Vendredi, les chefs d’Etat et de gouvernement réunis à Pittsburg (Pennsylvanie), ont «désigné» leur enceinte comme «le premier forum pour notre coopération économique». Exit le G8. Il laisse la place à une organisation plus vaste, représentant plus de 80% de la richesse de la planète, qui fait la part belle aux pays émergents.
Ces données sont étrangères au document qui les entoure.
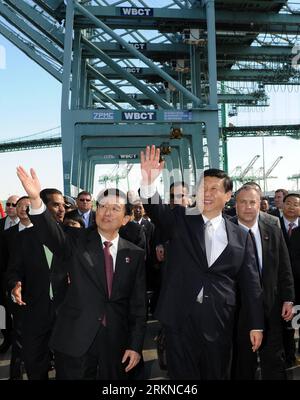 Bildnummer: 57080610  Datum: 16.02.2012  Copyright: imago/Xinhua (120216) -- LOS ANGELES, Feb. 16, 2012 (Xinhua) -- Chinese Vice President Xi Jinping (R, front) waves to crew as he tours China Shipping at the Port of Los Angeles in Los Angeles, California, the United States, on Feb. 16, 2012. (Xinhua/Liu Jiansheng) (ly) U.S.-CHINA-XI JINPING-CHINA SHIPPING-TOUR (CN) PUBLICATIONxNOTxINxCHN People Politik USA xbs x0x 2012 hoch      57080610 Date 16 02 2012 Copyright Imago XINHUA  Los Angeles Feb 16 2012 XINHUA Chinese Vice President Xi Jinping r Front Waves to Crew As he Tours China Shipping AT Stock Photo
Dans leur communiqué final, les Etats membres détaillent comment ils entendent se donner davantage de moyens pour renforcer cette coopération. Certaines de ces mesures restent vagues (sacro-sainte souveraineté des Etats oblige), très peu de sanctions ou de mesures contraignantes sont prévues pour convaincre les éventuels récalcitrants. Au final, les membres du G20 se sont octroyés à eux-mêmes la mission «d’agir ensemble pour générer une croissance globale forte, durable et équilibrée.» Ils s’en prennent notamment «au comportement téméraire et au manque de responsabilité» qui a amené à la crise financière actuelle. «Nous ne permettrons pas, assènent-ils, un retour aux pratiques bancaires ordinaires («banking as usual»).»

Le FMI va être remodelé

Le G20 a décidé de revoir l’équilibre des votes au sein du Fonds monétaire International (FMI) pour offrir «au moins 5%» supplémentaires aux pays émergents, sous-représentées aujourd’hui. Ils demandent en outre à cette institution d’établir par ses analyses si les différentes politiques économiques des Etats «sont compatibles les unes avec les autres» et si elles aident à atteindre l’objectif d’une croissance partagée.
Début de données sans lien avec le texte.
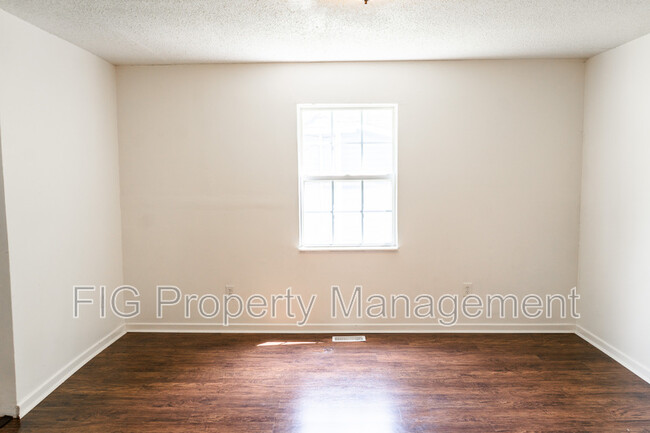 Building Photo - 1630 Wallace St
Les sceptiques notent qu’une telle procédure existe déjà en partie et que le FMI pourrait se montrer prudent à l’heure de dévoiler les travers de ses principaux Etats membres. Les Vingt s’engagent pourtant à établir des objectifs communs, à les revoir dans le temps et à étudier les conséquences globales et les risques potentiels liés à leur politique économique.
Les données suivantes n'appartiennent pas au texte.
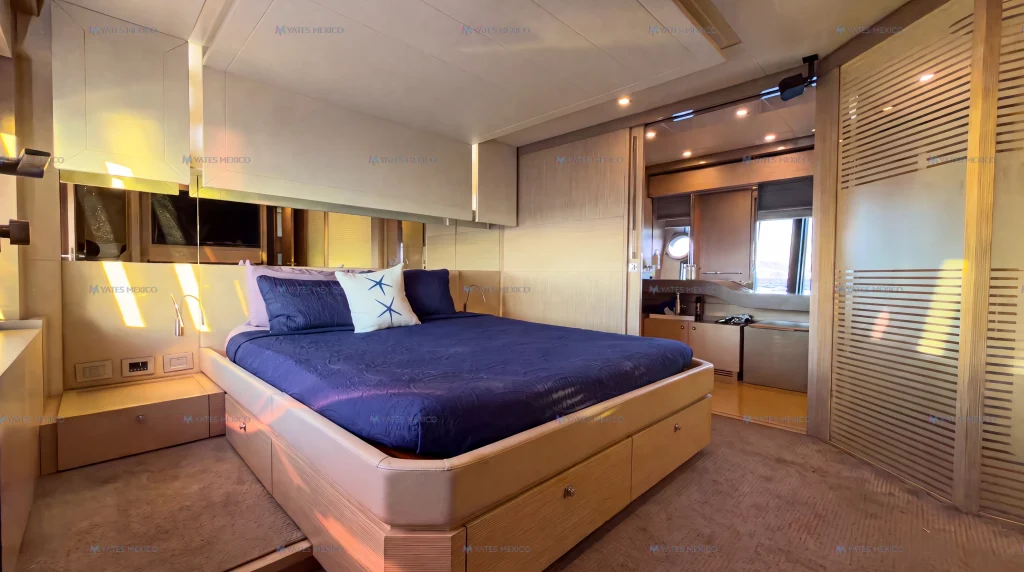 Ferretti 75 yacht charter La Paz - VIP cabin with queen bed and en-suite head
Dans les banques, «un retour à la pratique de risques excessifs qui prévalait dans certains pays avant la crise n’est pas une option», poursuivent les membres du G20. Les Etats membres ont chargé le FMI de déterminer comment le secteur financier pourrait participer lui-même, avec des mesures «justes et substantielles», au financement de son propre renflouement dans l’éventualité d’une nouvelle crise. Cette mesure pourrait aller dans le sens des propositions de la France, qui entendait introduire une «taxe Tobin» sur les transactions financières.

De même, l’Europe (et particulièrement la France qui s’est affichée comme la championne de la réglementation) a été entendue en matière de bonus accordés aux banquiers. Ceux-ci devraient être plus directement liés aux performances et au montant des fonds propres des banques. «Pour la première fois, les banques centrales disposeront du pouvoir de limiter le montant global des bonus», s’est réjoui Nicolas Sarkozy, dont les propositions rencontraient de fortes oppositions de la part notamment des Américains.

Pas de percée sur le climat

En revanche, en dehors d’engagements peu précis en matière de défense de l’environnement, l’Europe n’a pas réussi à imposer ses vues à moins de trois mois de la réunion de Copenhague qui doit déboucher sur «l’après-Kyoto». Les membres du G20 s’engagent certes à supprimer toutes les subventions aux énergies fossiles afin de favoriser les énergies propres et de réduire ainsi les émissions de gaz à effet de serre de 10% d’ici à 2050. Mais aucune date n’est fixée pour la fin de ces pratiques.

Reste enfin le thème des paradis fiscaux, qui fut central en avril dernier à Londres. La Suisse y avait été inscrite sur une liste grise de pays insuffisamment coopératifs. Elle en est désormais retirée, comme Monaco. Dans sa déclaration, le G20 menace de sanctions les Etats qui n’auraient pas signé au moins douze conventions fiscales conformes aux normes OCDE, d’ici à mars 2010. Avant la réunion de Pittsburgh, la Chine avait cependant longuement bataillé pour que Hongkong ne soit pas visé par des sanctions éventuelles. «Le secret bancaire, les paradis fiscaux c’est fini», s’est exclamé Nicolas Sarkozy.